Les défenseurs de Marioupol se sont accrochés à l’aciérie pendant des mois et contre toute attente, empêchant la Russie d’achever son occupation de la ville et de son port. Sa capture complète donnerait à la Russie un pont terrestre ininterrompu vers la péninsule de Crimée, qu’elle a saisie à l’Ukraine en 2014.

La chute de l’aciérie supprimerait également une distraction pour les planificateurs militaires russes qui concentrent ce qui reste de leur force d’invasion sur des batailles ailleurs dans l’est et le sud de l’Ukraine.

Au moins certains des combattants d’Azovstal qui ont déposé les armes ont été emmenés dans une ancienne colonie pénitentiaire située sur un territoire contrôlé par des séparatistes soutenus par la Russie. Leur statut juridique n’est pas clair.

L’Associated Press a filmé des véhicules militaires portant le signe pro-Kremlin «Z» escortant un convoi d’autocars transportant les troupes, alors que des drapeaux soviétiques flottaient à des poteaux le long de la route. Environ deux douzaines de combattants ukrainiens ont été vues dans l’un des bus.

L’Ukraine dit espérer qu’ils pourront être échangés contre des prisonniers de guerre russes, mais que les négociations sont délicates et prennent du temps.

Le président ukrainien Volodymyr Zelensky a dit que «les médiateurs internationaux les plus influents sont impliqués» dans l’évacuation.

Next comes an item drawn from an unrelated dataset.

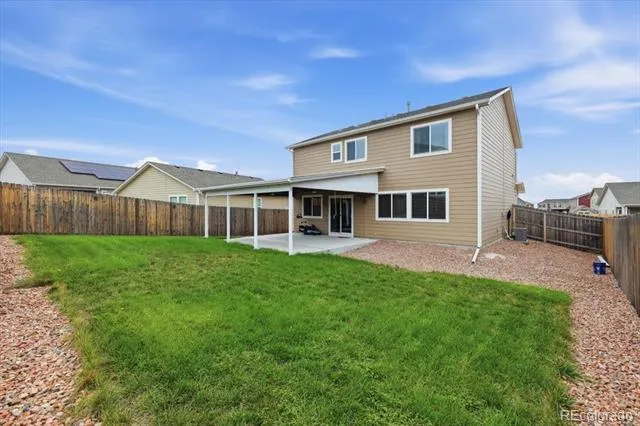 10958 Avena Road Peyton, CO 80831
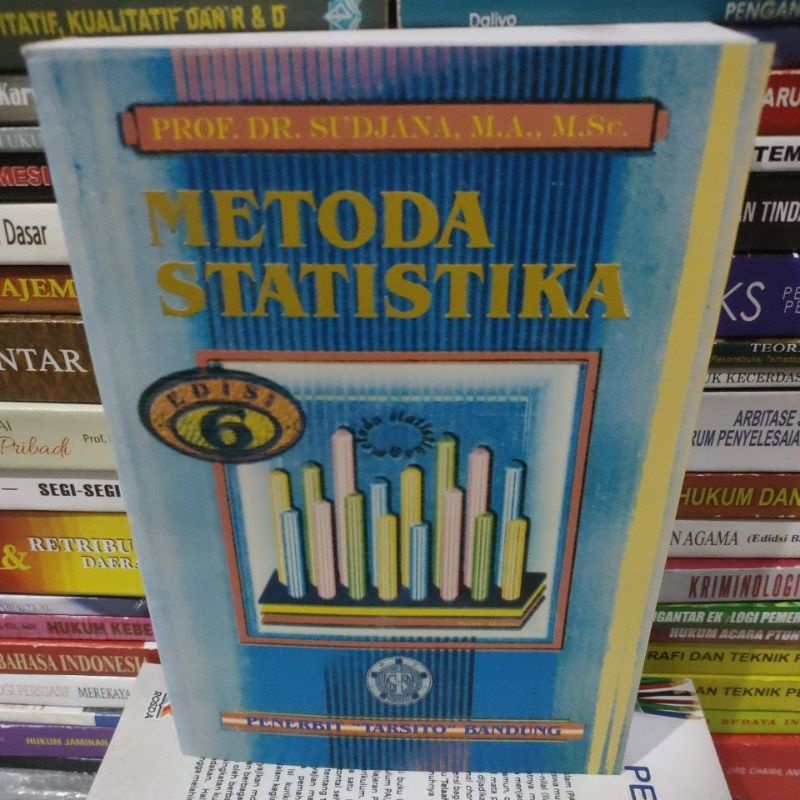 

Metoda Statistika by Sudjana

Mais le principal organe d’enquête fédéral russe a prévenu qu’il avait l’intention d’interroger les troupes pour «identifier les nationalistes» et déterminer s’ils étaient impliqués dans des crimes contre des civils. En outre, le plus haut procureur de Russie a demandé à la Cour suprême du pays de désigner le régiment ukrainien Azov – parmi les troupes qui composaient la garnison d’Azovstal – comme une organisation terroriste. Le régiment a des racines dans l’extrême droite.

Le parlement russe a prévu d’adopter une résolution mercredi pour empêcher l’échange de combattants du régiment Azov, ont indiqué les agences de presse russes.

Marioupol a été la cible de la Russie dès le début de l’invasion. La ville a été en grande partie rasée par des bombardements réguliers et l’Ukraine affirme que plus de 20 000 civils y ont été tués. Pendant le siège, les forces russes ont également lancé des frappes aériennes meurtrières sur une maternité et un théâtre où des civils s’étaient réfugiés. Près de 600 personnes auraient été tuées au théâtre.

Le ministère britannique de la Défense a indiqué mercredi dans son rapport quotidien des renseignements que la défense ukrainienne de Marioupol «a infligé des pertes de personnel coûteuses aux forces russes».

La médiatrice ukrainienne des droits de l’homme a révélé que l’armée russe détenait également plus de 3000 civils de Marioupol dans une autre ancienne colonie pénitentiaire.

Lyudmyla Denisova a dit que la plupart des civils sont détenus pendant un mois, mais que ceux considérés comme «particulièrement peu fiables», y compris les anciens soldats et policiers, sont détenus pendant deux mois. Parmi les détenus figurent une trentaine de volontaires qui ont livré des fournitures humanitaires à Marioupol alors qu’elle était assiégée, a-t-elle déclaré.